Morning Must-Read: Simon Wren-Lewis: Asymmetries and Uncertainties
Noted for Your Lunchtime Procrastination for February 7, 2015

Liveblogging World War II: February 7, 1945: Yalta

Livadia Palace Crimea Livadia Palace Wikipedia the free encyclopedia

S.M. Plokhty: Yalta: The Price of Peace:

The new Soviet documents reveal the mind-set of the Soviet leaders at the time of the Yalta Conference. If Stalin and his strategists did not entirely abandon their plans for world revolution, they significantly postponed them and were interested in peaceful relations with the West for at least twenty years. That would give them enough time to recover from the devastation of the world war and prepare for the next stage in the conflict between communism and capitalism, which they considered ineluctable. For the time being they were prepared to sacrifice the communist movements in Western Europe and wanted a quid pro quo from the West that would ensure their domination of Eastern Europe....
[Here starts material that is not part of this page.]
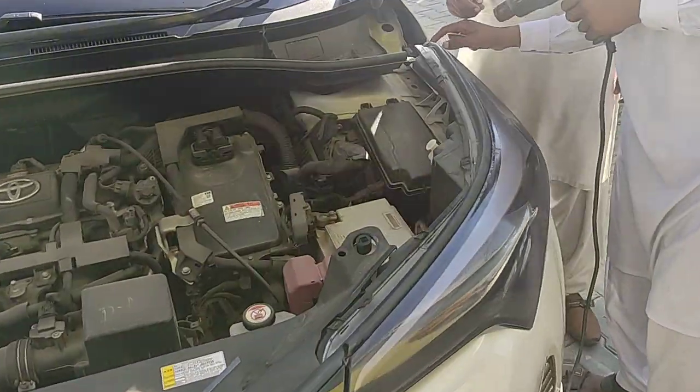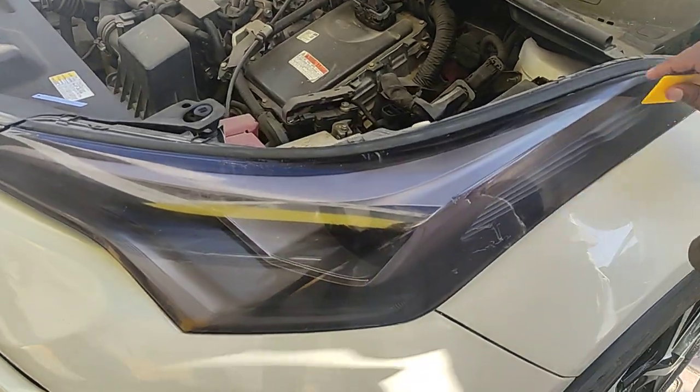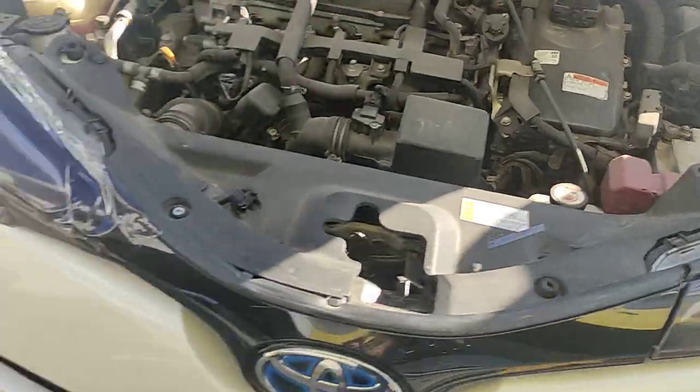What are you doing? I'm putting a smoke paper. It doesn't make any light shine. This car looks beautiful. Now it's a work in progress.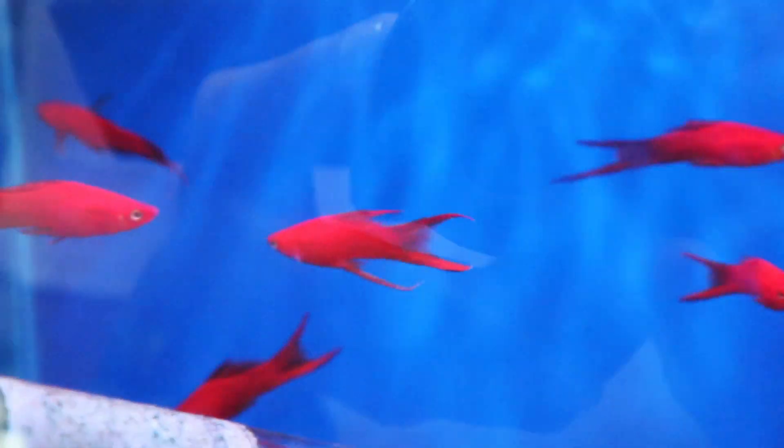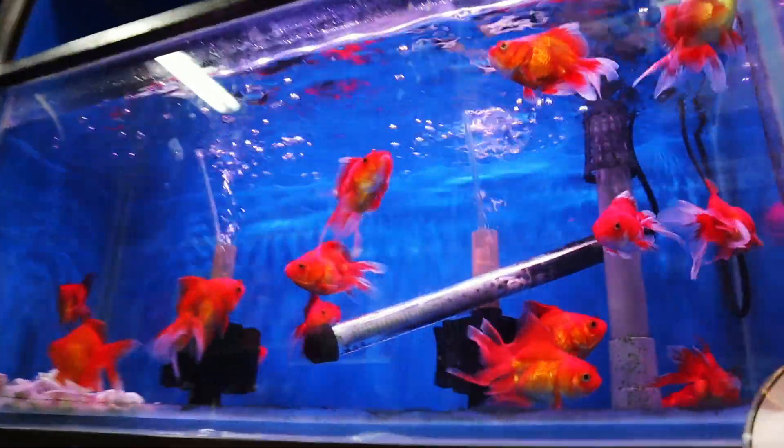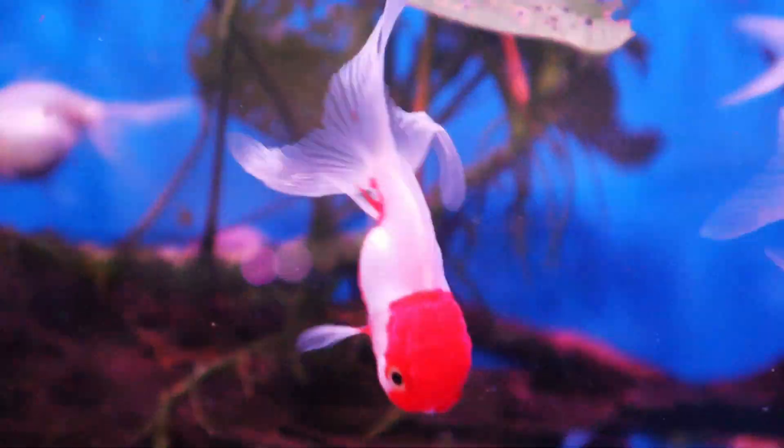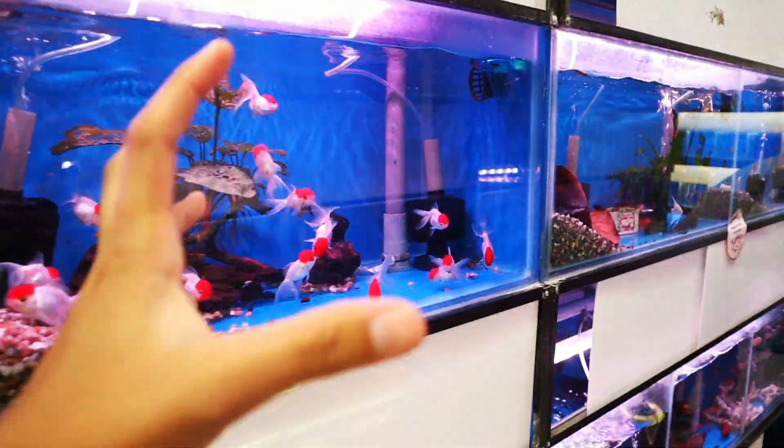These are swordtails — take a look at those fish, amazing. And over here are goldfish, but goldfish of course are way too big for the tank. These are red cap orandas, but they'll also grow to massive sizes.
The new Soviet documents shed light on by far the most controversial question related to the Yalta Conference, that of the espionage activities of Alger Hiss. In the late 1940s and early 1950s it was alleged not only that Hiss spied for the Soviets but also that he had influenced some of FDR’s decisions, which were later regarded as a sellout of American national interests. New evidence from the Soviet archives supports the thesis that Hiss was a Soviet spy at the time of the Yalta Conference, but it also suggests that while he was working for the military branch of Soviet intelligence, he remained virtually unknown to its political branch until after the conference. His military handlers showed little interest in the political information that he could provide, and his performance at the Yalta Conference on political matters, including Soviet participation in the United Nations, did nothing to advance the Soviet agenda.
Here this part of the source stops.